2) **Governing Equation:**

- **Linear Regression** uses a straight-line equation (Y = β₀ + β₁X).

- **Logistic Regression** uses the logistic (or sigmoid) function to "squash" the output of a linear equation, forcing the result to be between 0 and 1.

#7. Name and briefly describe three common evaluation metrics for regression models.

1) **Mean Absolute Error (MAE):** This is the average of the absolute differences between the actual values and the predicted values. It's easy to interpret because it is in the same units as the dependent variable. It tells you, on average, how "far off" your predictions are.

2) **Mean Squared Error (MSE):** This is the average of the squared differences between the actual and predicted values. By squaring the errors, it penalizes larger errors much more heavily than smaller ones.

3) **Root Mean Squared Error (RMSE):** This is the square root of the MSE. It is very popular because, like MAE, it is in the original units of the dependent variable (making it interpretable), but it still retains the property of penalizing large errors (due to the squaring).

#8. What is the purpose of the R-squared metric in regression analysis?

The purpose of **R-squared (R²)**, also called the **coefficient of determination**, is to measure the **proportion of the variance** in the dependent variable (Y) that can be explained by the independent variable (X).

It is a value between 0 and 1 (or 0% to 100%).

- An R-squared of 0 means the model explains none of the variability in Y.

- An R-squared of 1 means the model explains all of the variability in Y.

For example, an R-squared of 0.65 means that 65% of the variation in the dependent variable (e.g., house prices) can be explained by the linear relationship with the independent variable (e.g., square footage). It tells you how well your model "fits" the data.

#9. Write Python code to fit a simple linear regression model using scikit-learn and print the slope and intercept. (Include your Python code and output in the code box below.)



In [1]:
import numpy as np
from sklearn.linear_model import LinearRegression

# 1. Create sample data
# We use .reshape(-1, 1) because scikit-learn expects X to be a 2D array
X = np.array([1, 2, 3, 4, 5, 6]).reshape(-1, 1)
y = np.array([10, 12, 14, 16, 18, 20])

# 2. Create a Linear Regression model instance
model = LinearRegression()

# 3. Fit the model to the data
model.fit(X, y)

# 4. Get the slope (coefficient) and intercept
slope = model.coef_[0]
intercept = model.intercept_

# 5. Print the results
print(f"Sample X data:\n{X.flatten()}")
print(f"Sample y data:\n{y}")
print("-" * 30)
print(f"Slope (β₁): {slope}")
print(f"Intercept (β₀): {intercept}")
print(f"\nThe model equation is: y = {intercept:.2f} + {slope:.2f}*X")

Sample X data:
[1 2 3 4 5 6]
Sample y data:
[10 12 14 16 18 20]
------------------------------
Slope (β₁): 1.9999999999999996
Intercept (β₀): 8.000000000000002

The model equation is: y = 8.00 + 2.00*X


#10. How do you interpret the coefficients in a simple linear regression model?

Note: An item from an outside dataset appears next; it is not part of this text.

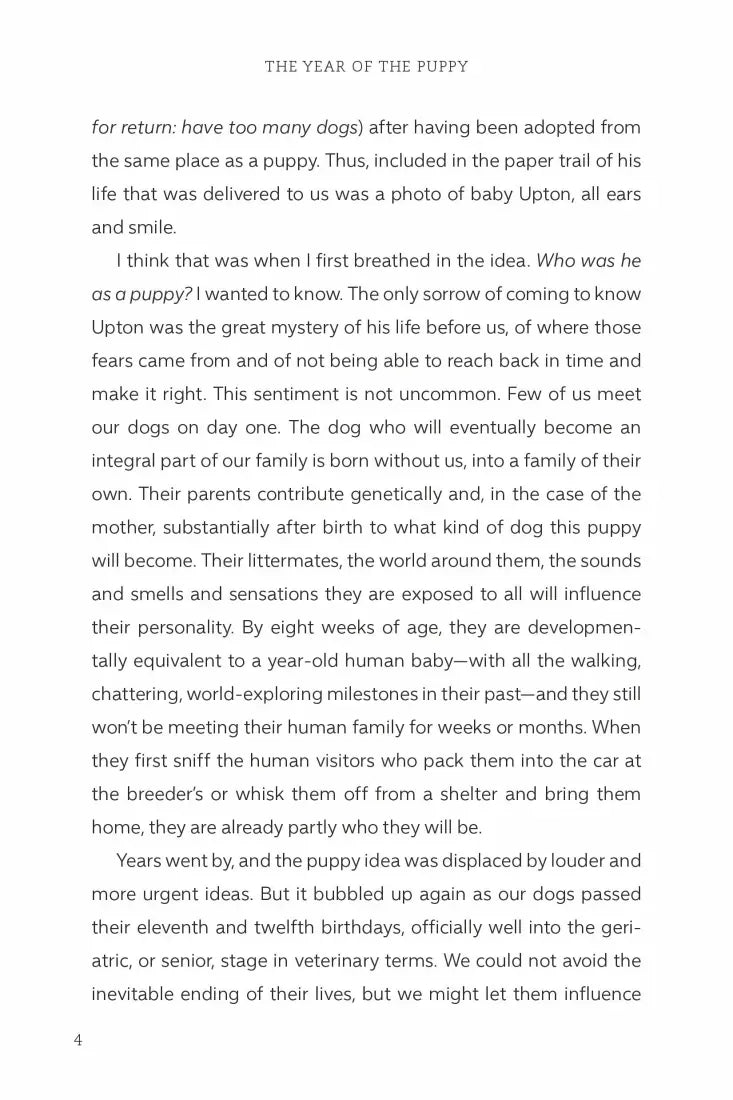 The Year of the Puppy US - Hardback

In a simple linear regression model (Y = β₀ + β₁X), the two coefficients are interpreted as follows:

- **Intercept (β₀):** This is the predicted value of the dependent variable (Y) when the independent variable (X) is equal to 0. The practical interpretation of this value depends on the context. For example, in a model predicting weight from height, the intercept would be the predicted weight at 0 height, which is nonsensical. In other cases, like predicting sales (Y) based on ad spend (X), the intercept would be the "baseline" sales you would expect with zero ad spend.

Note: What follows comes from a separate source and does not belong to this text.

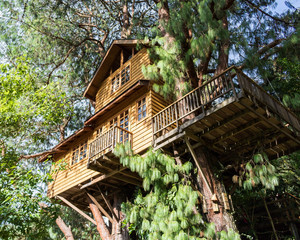 Treehouse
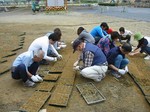 s17神戸震災復興記念公園ポット苗つくり０９０５０６ 017.jpg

- **Slope (β₁):** This is the primary coefficient of interest. It represents the **average change in the dependent variable (Y) for every one-unit increase in the independent variable (X).**

  -  If β₁ is **positive** (e.g., 2.5), it means Y increases by 2.5 units for every 1-unit increase in X.

  -  If β₁ is **negative** (e.g., -1.2), it means Y decreases by 1.2 units for every 1-unit increase in X.